Coloured pencils are made using wax or a combination of wax and oil as a binder to shape powdered pigments (colour) into a solid thin cylindrical core. The majority of coloured pencils are wax-based because the core is versatile and can accommodate more textures, sizes, and pigments. Artist-grade coloured pencils - compared to student-grade - have higher pigment loading and are lightfast, which means they would not fade over time when exposed to daylight.


Wax-based pencils have a buttery consistency and go on paper smoothly. They have a soft core that is good for blending and layering; however, the softer core breaks easily. Wax-based pencils are less durable and do not hold a fine point for long. Unless a fixative is used, the wax tends to rise to the top over time and create a haze-like film called the wax bloom.


Oil-based pencils are considered premium because they deliver a more professional look and finish. They are less buttery than wax-based pencils but tend to lay down more colour. The increased coverage reduces the number of layers required for depth of colour. The harder core is more durable and holds a fine point longer for intricate and detailed work. Fixatives are not required because there is no wax bloom.



Gesso is the primer coat applied to surfaces (e.g., raw canvas, paper, board, wood) to prepare them for painting. Gesso gives tooth and absorbency to the surface to ensure proper adhesion to avoid the risks of cracking, flaking, or peeling over time.

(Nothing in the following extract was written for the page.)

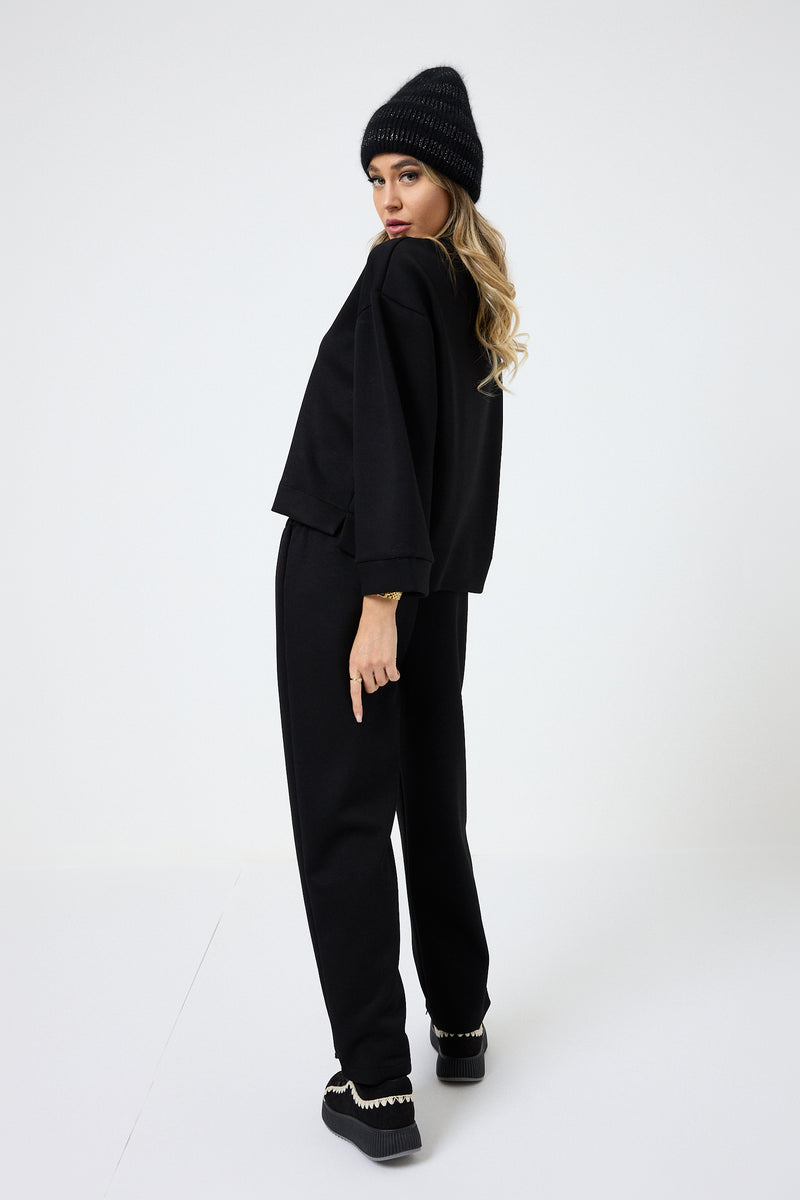 Completo tuta nera in punto Milano FEDERICA BI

Acrylic gesso is made of water-soluble acrylic polymer emulsion, white pigment, and fillers (e.g. chalk or silica). Upon evaporation, the gesso dries to create a flexible, durable, and adhesive ground that is suitable for most water-soluble media. If applied correctly, acrylic gesso is also an acceptable ground for oil paint; however, there are ongoing discussions (due to lack of data) on how the use of acrylic gesso with oil paints may impact the ageing process. Acrylic polymer emulsion has been used in the manufacture of artist materials only since the 1950s; therefore, there is insufficient data, in particular, to determine the following concerns: oil penetration to the substrate, discolouration, lack of adhesion, and cracking.


Acrylic gesso intended to be used with acrylic paints is not suitable for watercolours or gouache; it does not have sufficient absorbency for adhesion of watercolour and gouache paints. The lack of absorbency causes lifting when blending and layering. There are specially formulated acrylic-based grounds for watercolour and gouache.

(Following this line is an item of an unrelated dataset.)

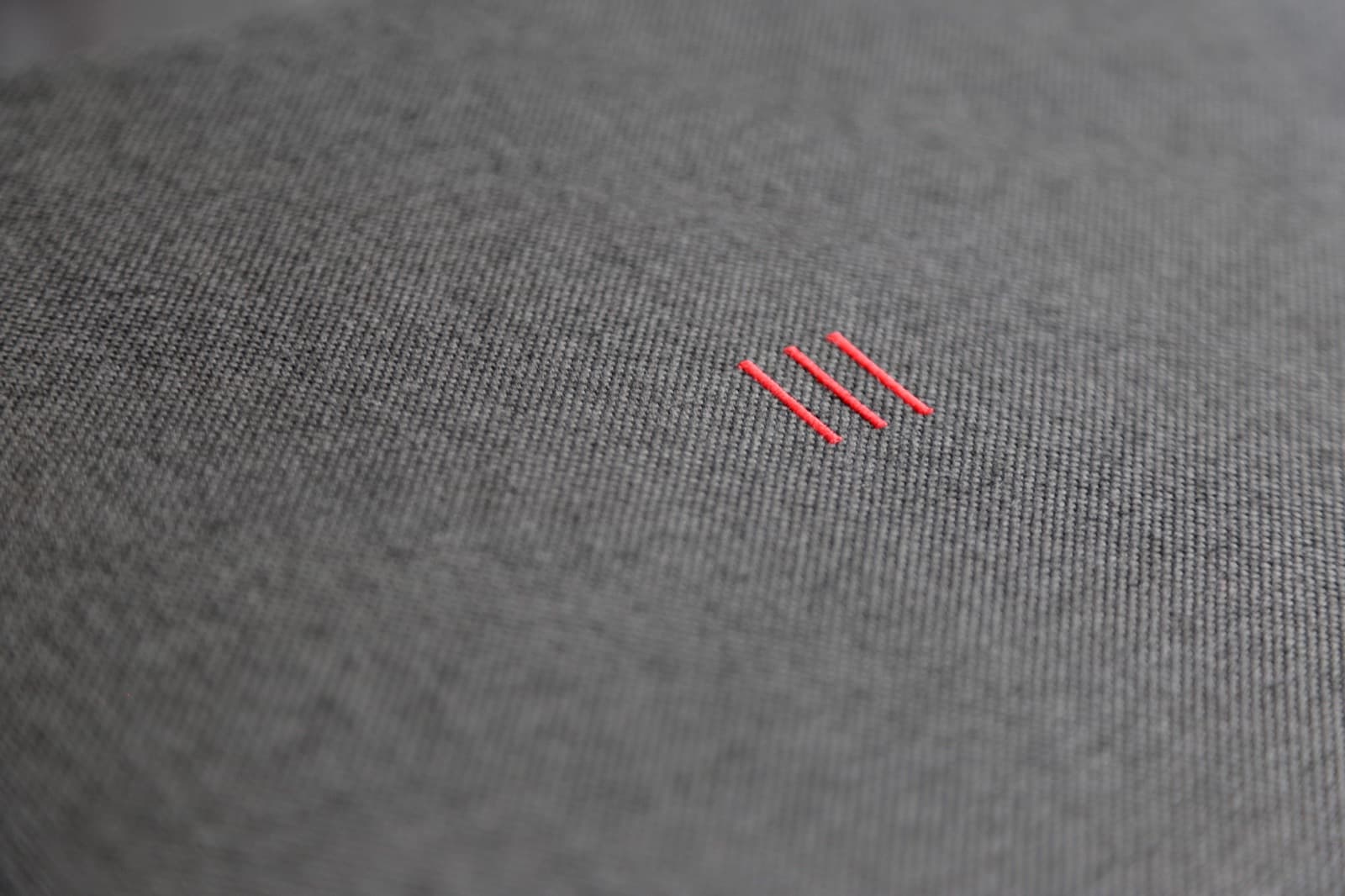 heatme Heatbars — gestickte Wärmestufen-Anzeige auf Lodenstoff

Acrylic gesso comes in white, clear, carbon black, and a variety of colours. The texture, fluidity, opacity, and coverage of acrylic gesso in the market may vary according to grades and brands.



Gouache paint consists of ground powdered pigments suspended in a water-soluble binder; it’s the opaque version of watercolour paint. The opacity in gouache is achieved by adding chalk or white pigment. Gouache has a very matte finish and the appearance of tempera. Water is used during application and when it evaporates, the binder fixes the pigments to any surface suitable for watercolours or gouache.

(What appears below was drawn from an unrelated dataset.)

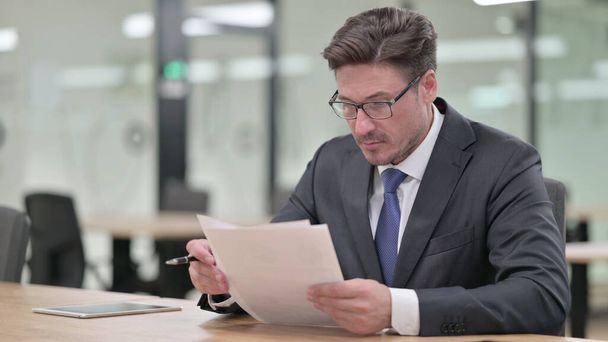 Средневековый бизнесмен читает документы в офисе  - Фото, изображение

Gouache is re-wettable and reworkable like watercolours; however, it dries much faster than watercolours. The main difference between gouache and watercolours is a wet-to-dry colour shift. There is usually a slight change in hue between the wet and dry stages. This may pose a challenge when it comes to colour matching. Gouache has the characteristics of both acrylics and watercolours. Like acrylics, it has good coverage and like watercolour, it is reworkable and can be used to depict minute details. For those reasons, gouache is preferred by commercial artist and illustrators for creating posters, illustrations, and comics.


Acrylic gouache, which has all the qualities of traditional gouache, uses acrylic polymer emulsion as a binder. That means it is water-resistant once dry, which means there is no bleeding or lifting when rewetted or layered.